→ Activity
Only the lines from the one holding "ShineXPro Bike &" to the end of the data should be echoed, exactly as they appear, minus the pictures.

→ Collected data
********
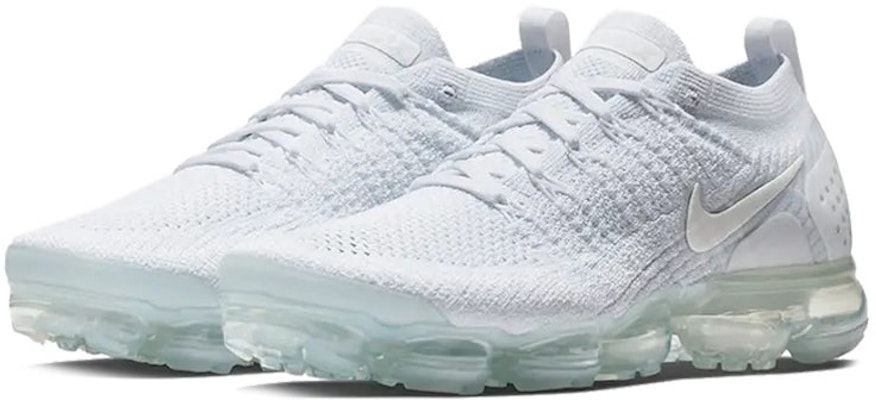 Nike Air VaporMax Flyknit 2 White Pure Platinum 942842-100 Lookbook Nike Air VaporMax Flyknit 2 White Pure Platinum 942842-100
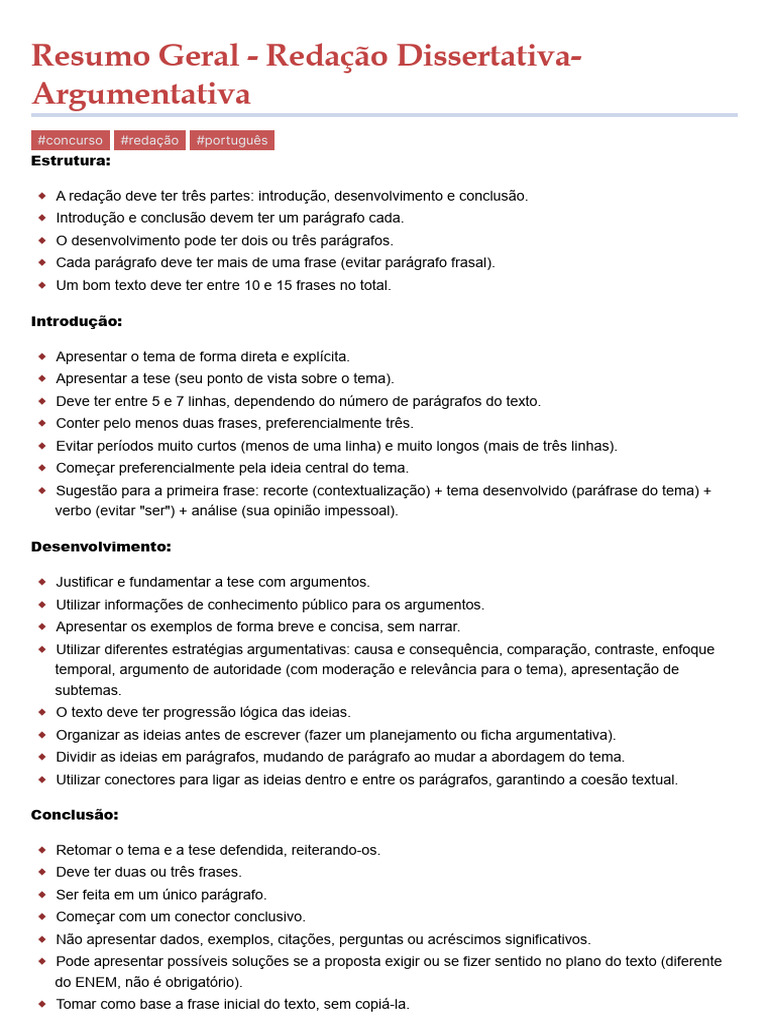 Guia Prático para Redação Dissertativa | PDF | Abstract (resumo ...
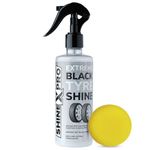 ShineXPro Bike & Car Tyre Polish 300 ml - Extreme Black Tyre Polish Spray with Long Lasting & Dirt Repellent Formulation - Ultra Wet Tyre Shiner for Car - Non-Greasy, Restores Faded Tyres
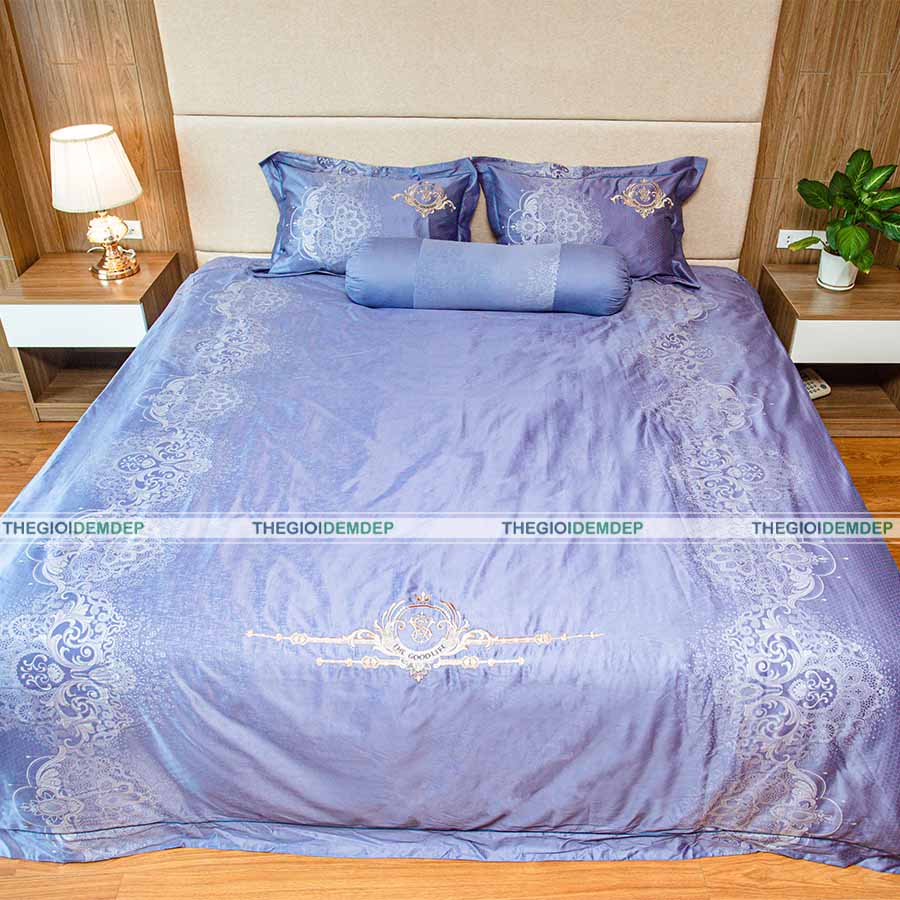 Bộ Chăn Ga Gấm Lụa Cao Cấp Singapore GL04 Bộ Chăn Ga Gấm Lụa Cao Cấp Singapore GL04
********
→ Task output
 ShineXPro Bike & Car Tyre Polish 300 ml - Extreme Black Tyre Polish Spray with Long Lasting & Dirt Repellent Formulation - Ultra Wet Tyre Shiner for Car - Non-Greasy, Restores Faded Tyres
 Bộ Chăn Ga Gấm Lụa Cao Cấp Singapore GL04 Bộ Chăn Ga Gấm Lụa Cao Cấp Singapore GL04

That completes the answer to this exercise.